[MATERIAL TO PROCESS — start]

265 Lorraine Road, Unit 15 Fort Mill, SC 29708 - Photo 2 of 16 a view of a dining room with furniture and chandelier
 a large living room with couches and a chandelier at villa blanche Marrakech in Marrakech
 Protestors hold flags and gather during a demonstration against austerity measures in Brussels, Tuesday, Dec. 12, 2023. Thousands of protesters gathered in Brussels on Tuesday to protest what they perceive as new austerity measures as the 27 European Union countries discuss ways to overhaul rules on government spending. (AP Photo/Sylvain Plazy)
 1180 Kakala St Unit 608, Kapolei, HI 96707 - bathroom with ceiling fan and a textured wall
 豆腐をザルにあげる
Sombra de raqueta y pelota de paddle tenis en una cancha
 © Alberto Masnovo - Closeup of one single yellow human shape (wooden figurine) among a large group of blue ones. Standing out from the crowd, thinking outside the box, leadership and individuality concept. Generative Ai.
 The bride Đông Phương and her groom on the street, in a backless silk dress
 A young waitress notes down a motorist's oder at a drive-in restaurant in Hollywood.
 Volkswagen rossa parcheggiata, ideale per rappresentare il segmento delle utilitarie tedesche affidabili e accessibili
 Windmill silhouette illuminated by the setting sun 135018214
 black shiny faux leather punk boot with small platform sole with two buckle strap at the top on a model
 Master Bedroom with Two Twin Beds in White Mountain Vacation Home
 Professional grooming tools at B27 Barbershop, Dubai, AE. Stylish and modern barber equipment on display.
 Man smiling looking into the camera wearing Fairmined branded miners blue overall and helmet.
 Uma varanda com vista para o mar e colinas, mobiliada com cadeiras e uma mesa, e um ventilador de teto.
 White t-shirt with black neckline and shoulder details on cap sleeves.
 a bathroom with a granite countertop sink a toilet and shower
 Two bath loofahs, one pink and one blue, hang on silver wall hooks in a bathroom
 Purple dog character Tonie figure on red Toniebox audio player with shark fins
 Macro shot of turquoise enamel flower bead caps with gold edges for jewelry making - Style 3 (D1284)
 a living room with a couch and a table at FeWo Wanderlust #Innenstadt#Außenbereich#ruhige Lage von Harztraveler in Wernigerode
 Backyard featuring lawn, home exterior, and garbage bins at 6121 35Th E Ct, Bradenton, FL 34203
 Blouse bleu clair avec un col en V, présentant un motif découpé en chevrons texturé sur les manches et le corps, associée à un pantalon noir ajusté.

[MATERIAL TO PROCESS — finish]

TASK OBJECTIVE - Print, from the entries above, the line with "concept. Generative Ai.", the line with "Windmill silhouette illuminated" and all lines between them, exactly and with nothing else.

OUTPUT -
 © Alberto Masnovo - Closeup of one single yellow human shape (wooden figurine) among a large group of blue ones. Standing out from the crowd, thinking outside the box, leadership and individuality concept. Generative Ai.
 The bride Đông Phương and her groom on the street, in a backless silk dress
 A young waitress notes down a motorist's oder at a drive-in restaurant in Hollywood.
 Volkswagen rossa parcheggiata, ideale per rappresentare il segmento delle utilitarie tedesche affidabili e accessibili
 Windmill silhouette illuminated by the setting sun 135018214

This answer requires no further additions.